[The problem]:
Exactly as they stand, repeat the lines from the one containing "Afro Christmas Tuskegee" through the final line of the listing, both ends included, and nothing else; skip the pictures.

[Information supplied]:
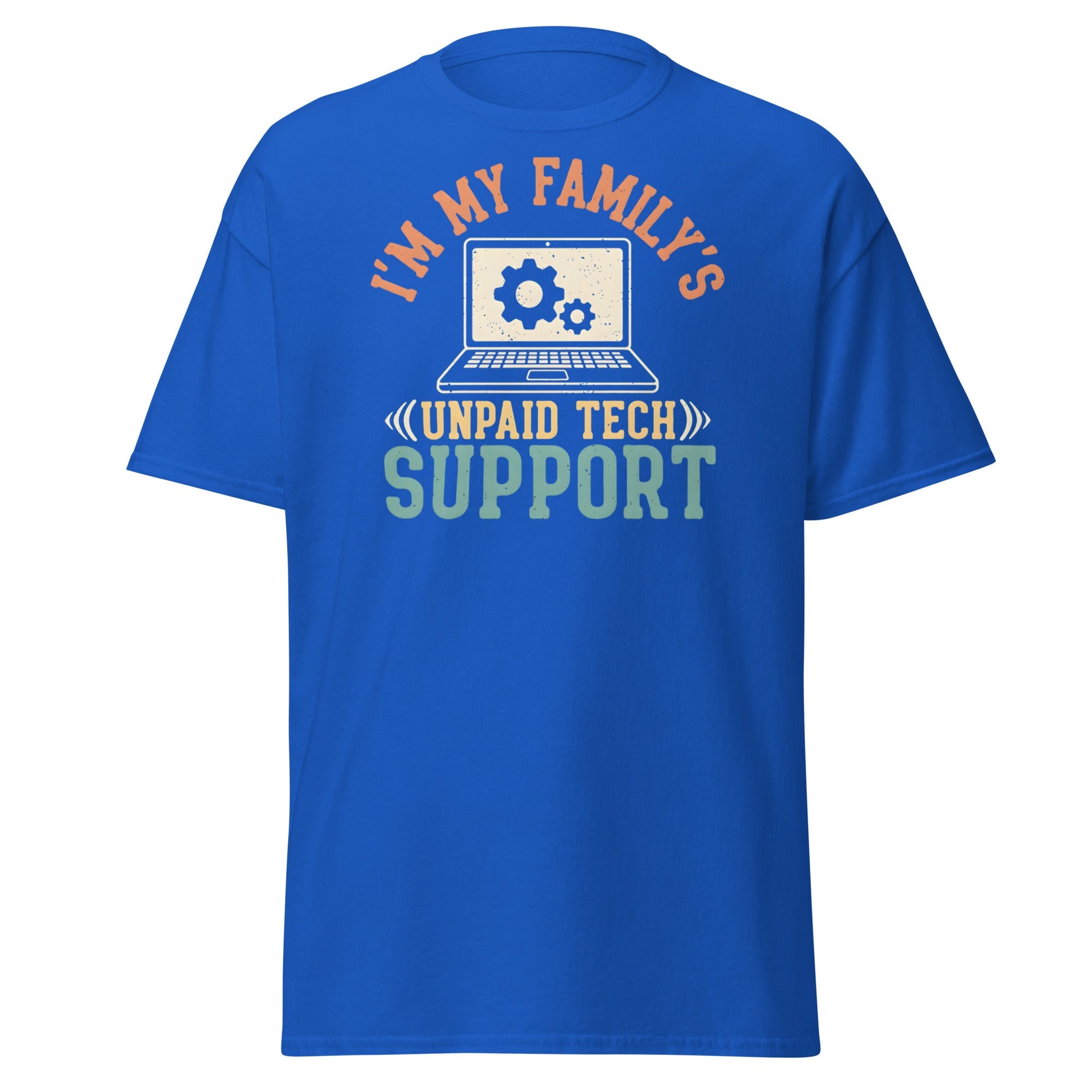 Unpaid Tech Support T-Shirt | Funny Family IT Geek Tee - Royal - T-Shirts Online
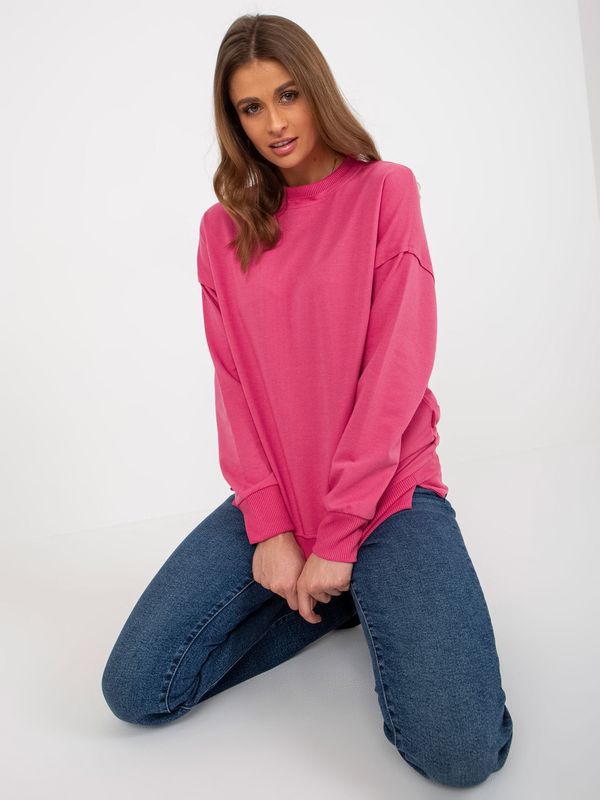 Fashionhunters Fuchsia Loose Hoodless Hoodie with Round Neckline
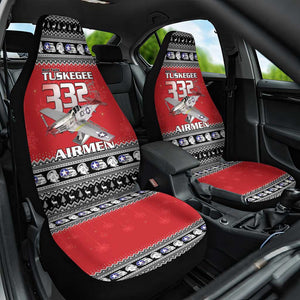 Afro Christmas Tuskegee Red Tails Airmen Car Seat Cover Merry Christmas - African Pride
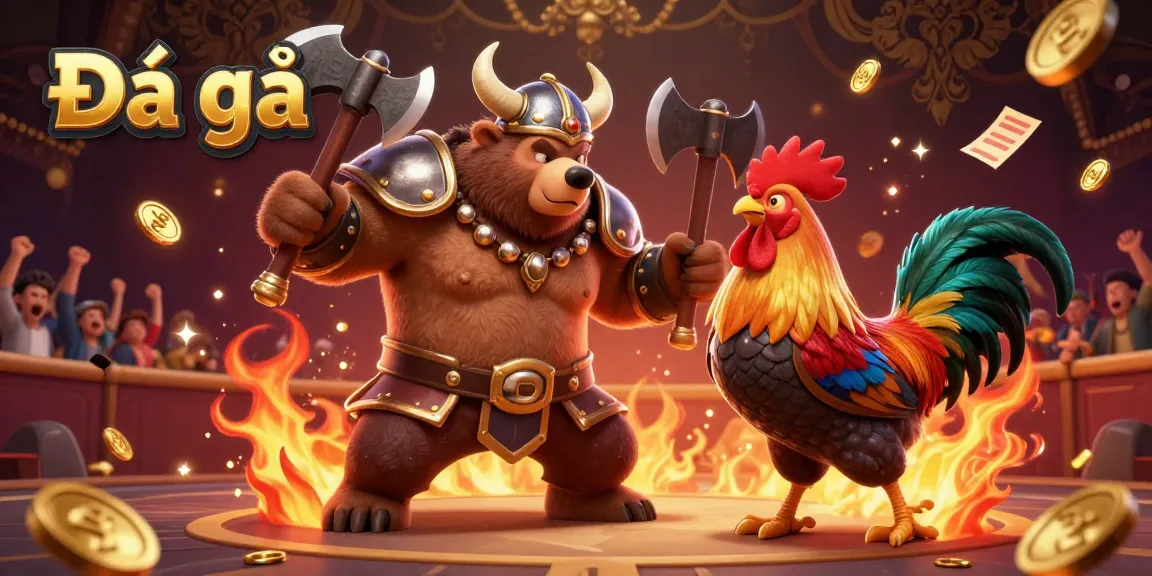 Experience the thrill of Đá gà with Viking warriors battling champions in a dynamic cockfighting arena.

[Exercise answer]:
 Afro Christmas Tuskegee Red Tails Airmen Car Seat Cover Merry Christmas - African Pride
 Experience the thrill of Đá gà with Viking warriors battling champions in a dynamic cockfighting arena.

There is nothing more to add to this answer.